Sigmund Freud ponía fin a su obra "El malestar en la cultura" (1930) con un párrafo rotundo, imprescindible para una lectura filosófica actualizada del neoliberalismo, esa suerte de post-fascismo, de estado de excepción que se abate de manera salvaje sobre la humanidad.
“He aquí, a mi entender, la cuestión decisiva para el destino de la especie humana: si su desarrollo cultural logrará, y en caso afirmativo en qué medida, dominar la perturbación de la convivencia que proviene de la humana pulsión de agresión y de autoaniquilamiento. Nuestra época merece quizás un particular interés justamente en relación con esto. Hoy los seres humanos han llevado tan adelante su dominio sobre las fuerzas de la naturaleza que con su auxilio les resultará fácil exterminarse unos a otros, hasta el último hombre. Ellos lo saben; de ahí buena parte de la inquietud contemporánea, de su infelicidad, de su talante angustiado. Y ahora cabe esperar que el otro de los dos «poderes celestiales», el Eros eterno, haga un esfuerzo para afianzarse en la lucha contra su enemigo igualmente inmortal. ¿Pero quién puede prever el desenlace?” (*)
El párrafo de Freud, una verdadera epifanía de entreguerras, plantea la angustia sobre el dominio que los seres humanos podían hacer de la naturaleza. Algunos denominadores comunes de esa conjetura premonitoria ensayó también Heidegger, en este caso respecto de la técnica. La similitud no es un dato menor. Impacta representarse en ambas dos miradas diferentes sobre el exterminio. La de Freud, que pone el acento en el presagio perturbado, y la del filósofo de la selva negra, que nunca se refirió críticamente al holocausto.
Tampoco la diferencia parece operar como una casualidad. Los genocidios pueden prevenirse. Contabilizar 140 millones de muertos a manos de los estados en poco más de un siglo sin tener en cuenta las vidas cegadas en las guerras conlleva el imperativo de indagar sobre la pulsión de muerte, la construcción de un otro/enemigo desvalorado y el autoaniquilamiento de la especie humana.

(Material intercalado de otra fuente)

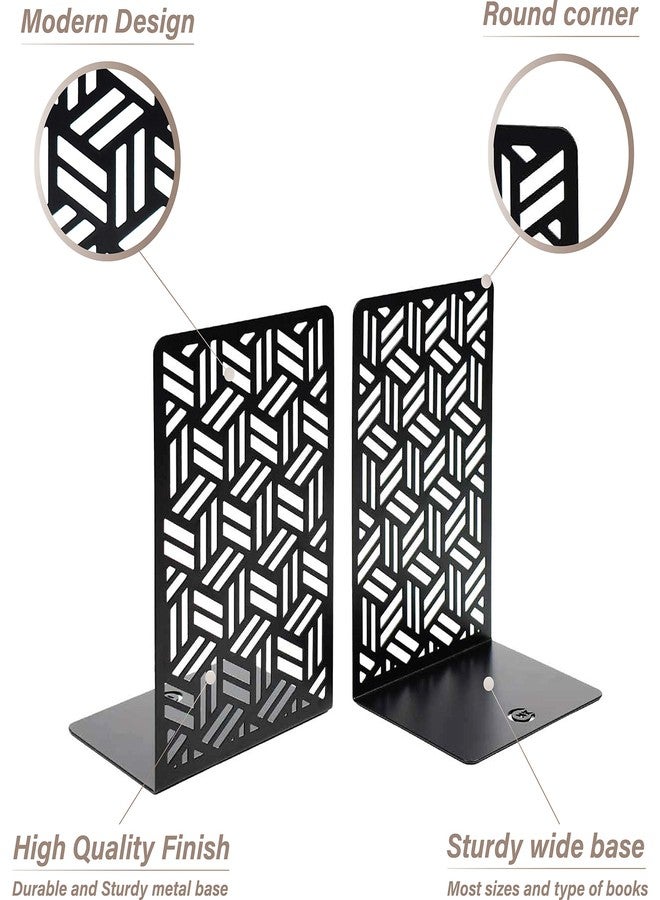 CNK Book Ends Bookends for Decorative Books Holder Bookend Shelves End Hold Heavy Duty Holders Stoppers Metal Stopper Cute Boho Bookshelf Holds Cookbook Office Home Set of 2 Bookends Pair Black - Image 4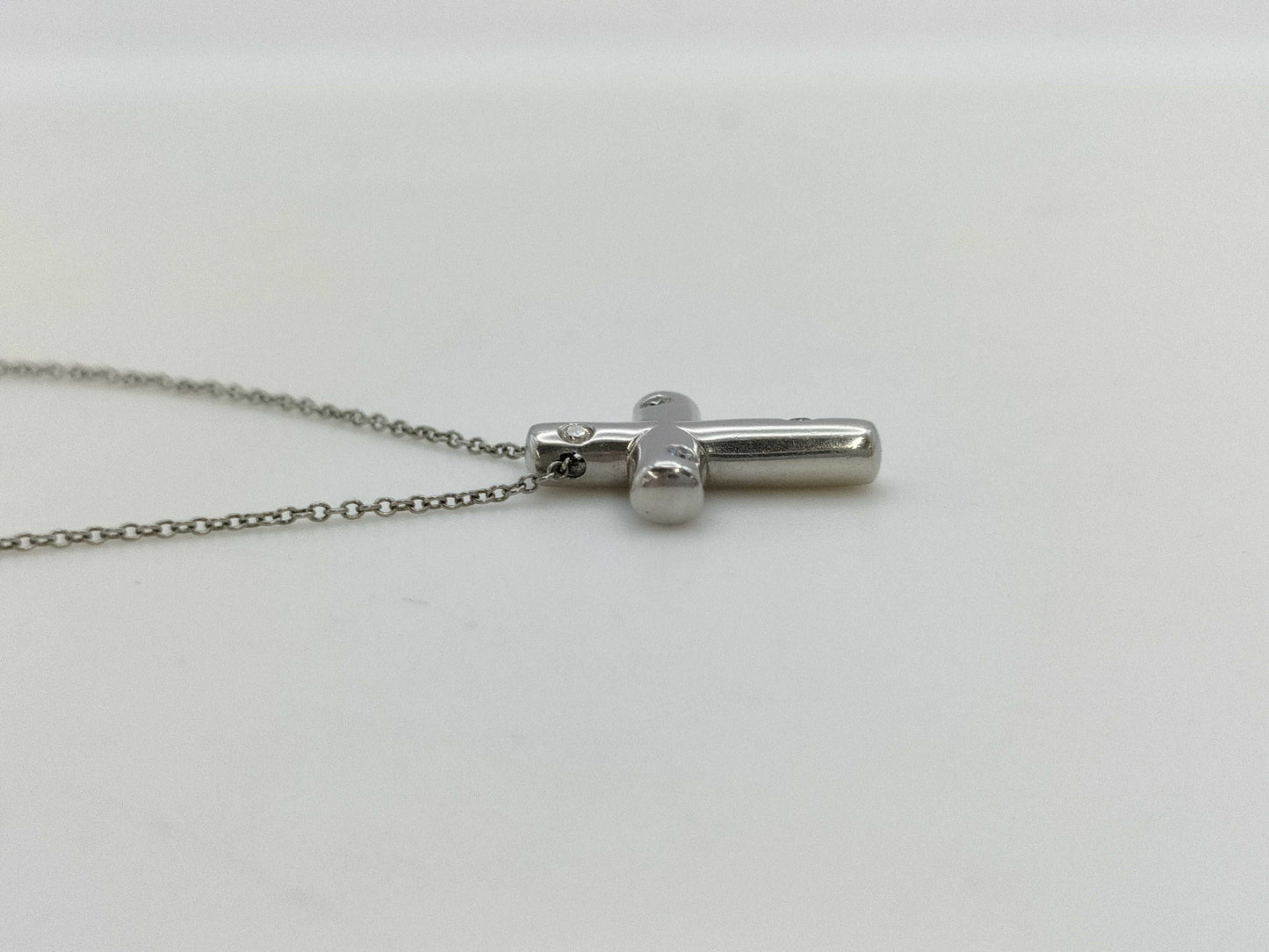 Tiffany&Co. Dots Cross 4PD PT950 6.7g Necklace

Estas prácticas sociales, en la modernidad, necesitan de algunas condiciones previas, que siempre suponen entregar un objeto de sacrificio a los dioses oscuros que enseñaba Lacan.
Esos dioses oscuros ya no son las SS. Están representadas por el racismo, la segregación, la desafiliación, en definitiva, los enemigos construidos frente a la infelicidad de la especie.
Los distintos, los segregados, los desafiliados, los viejos, los locos, los presos, las minorías sexuales, los pueblos originarios, las mujeres, los insumisos. Todos aquellos que pasaron a revistar en el campo del “no-ser” para el capital en su fase neoliberal.
Las masacres asumen formas diferentes, pero mantienen las mismas lógicas. Si la técnica y la cultura pueden enhebrar una idea de que todo es posible, que nada es imposible, que lo que es imposible hoy puede ser posible mañana tenemos una cuestión angustiante y ardua que resolver como especie. Porque si no podemos convivir con un imposible, y todo puede ser posible, incluso la homogeneización jerárquica de sociedades resignadas frente a las nuevas catástrofes de diverso orden, la pregunta es qué ocurrirá con aquellos que no pueden o no quieren formar parte de esa uniformidad, de ese patriotismo constitucional impuesto por la fuerza? La solución es la Shoa, aunque ahora se exprese mediante guerras de baja intensidad u operaciones policiales de alta intensidad, en cárceles, socavones, hospicios, villas de emergencia, servicios de inteligencia desbocados, espionaje de última generación tecnológica, desastres ambientales o la des-existencia misma tras los infinitos muros que los hombres vuelven a construir en el tercer milenio. Eso y la colonización de las subjetividades posibilitan releer y reescribir en clave transmoderna la frase de Freud, y en esa actualización se reescribe un territorio en disputa que remite a la cultura y la técnica en manos del capital como formas de dominación, control global y aniquilamiento masivo.
(*) El malestar en la cultura. Cap. VIII, pág. 140.